When Chéreau died last week, I felt a kind of tug inside of me again. But when I scoured the obituaries in French newspapers for some sort of reflection on the way his homosexuality influenced his best work, I was stunned and disappointed to find no acknowledgement of his sexuality. I don’t know what the conventions of obituary writing are – what choices obituary writers have to make in acknowledging or making known various elements of a dead person’s life – but there remains something essentially problematic here in avoiding the topic of an artist’s orientation. In a profile of him on radio station Europe 1, ‘G.S.’ mentions his sexuality and his comment to Télérama that he didn’t think his homosexuality should authorise him only to talk about gay things, and quotes him as saying that he believed the line between heterosexuality and homosexuality was very fine and fluid. Fair enough. Those Who Love Me… in particular deals with all sorts of love relations, and in La Reine Margot and Intimacy he did a fine job of talking about straight sexual passion.
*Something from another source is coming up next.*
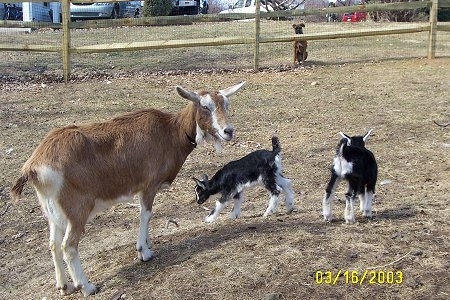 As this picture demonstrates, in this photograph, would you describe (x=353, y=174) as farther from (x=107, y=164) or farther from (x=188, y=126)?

But Chéreau did more than that, and his homosexuality – his queerness – runs through his work like letters in a stick of rock. It isn’t calumny to point out that his perspective is consistently a gay one – in Intimacy for instance, with its sharp-eyed, somewhat melancholy view of sexual hook-ups and its poignant depiction of two people lying to their partners and themselves. The characters are played by Mark Rylance and Kerry Fox, but Chéreau’s eye, his camera, his modulation of the story, his depiction of sex, are all heavily indebted, at least as far as I can see, to his own sexuality. I haven’t seen Chéreau’s work in theatre and opera, but I know at least that he is credited with revolutionising the mise en scène of opera by subjecting it to the same rules of dramatic reinterpretation as we now accept as the norm in straight theatre. In other words, Chéreau put his own spin on the classics, giving them a personal or political inflection: I don’t think it’s banging too much on the homosexuality drum to suggest that someone growing up gay in the 50s and early 60s, directing theatre and opera and feeling at a distance from mainstream artistic production, might be enacting one of the primary gay methods of expression, which is to put a queer spin on a more conventional narrative or trope. Is that going too far?
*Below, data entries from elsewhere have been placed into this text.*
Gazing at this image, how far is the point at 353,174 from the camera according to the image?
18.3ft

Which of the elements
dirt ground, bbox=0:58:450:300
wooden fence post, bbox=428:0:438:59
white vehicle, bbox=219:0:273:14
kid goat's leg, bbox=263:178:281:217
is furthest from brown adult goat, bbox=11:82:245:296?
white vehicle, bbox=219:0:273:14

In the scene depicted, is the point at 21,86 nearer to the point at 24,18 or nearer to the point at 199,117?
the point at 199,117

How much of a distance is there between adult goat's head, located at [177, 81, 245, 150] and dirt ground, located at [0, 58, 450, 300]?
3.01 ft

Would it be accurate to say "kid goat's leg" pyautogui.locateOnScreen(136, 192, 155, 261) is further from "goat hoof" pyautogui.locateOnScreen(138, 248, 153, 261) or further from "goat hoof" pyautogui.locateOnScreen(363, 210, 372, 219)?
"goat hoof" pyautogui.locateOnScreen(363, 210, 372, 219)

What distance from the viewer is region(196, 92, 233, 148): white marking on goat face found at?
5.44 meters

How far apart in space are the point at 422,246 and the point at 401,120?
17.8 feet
Homosexuality is present not merely in Chéreau’s outlook – although as I argue, his stance is essentially gay and he often returns to a gay ‘canon’ in his work – but is there in the actual stories he chose to tell. The film that made Chéreau’s name, and which he himself used to call his true first film (meaning, I think, his most personal film at that point) is The Wounded Man. Centring on Henri (Jean-Hugues Anglade), an adolescent who falls for an older man, Jean, at a train station, the film is an investigation, before the AIDS crisis reached its height, of the murkier aspects of homosexuality. To win Jean’s love, Henri starts prostituting himself: in addressing the sexual act as a transaction, Chéreau was treading the same sort of ground as the play he would keep returning to throughout his career, Bernard-Marie Koltès’ In The Loneliness Of The Cotton Fields – a play greatly influenced by Jean Genet. Koltès, a close collaborator of Chéreau’s, was an advisor on The Wounded Man and openly gay; he died in 1989 of complications due to AIDS.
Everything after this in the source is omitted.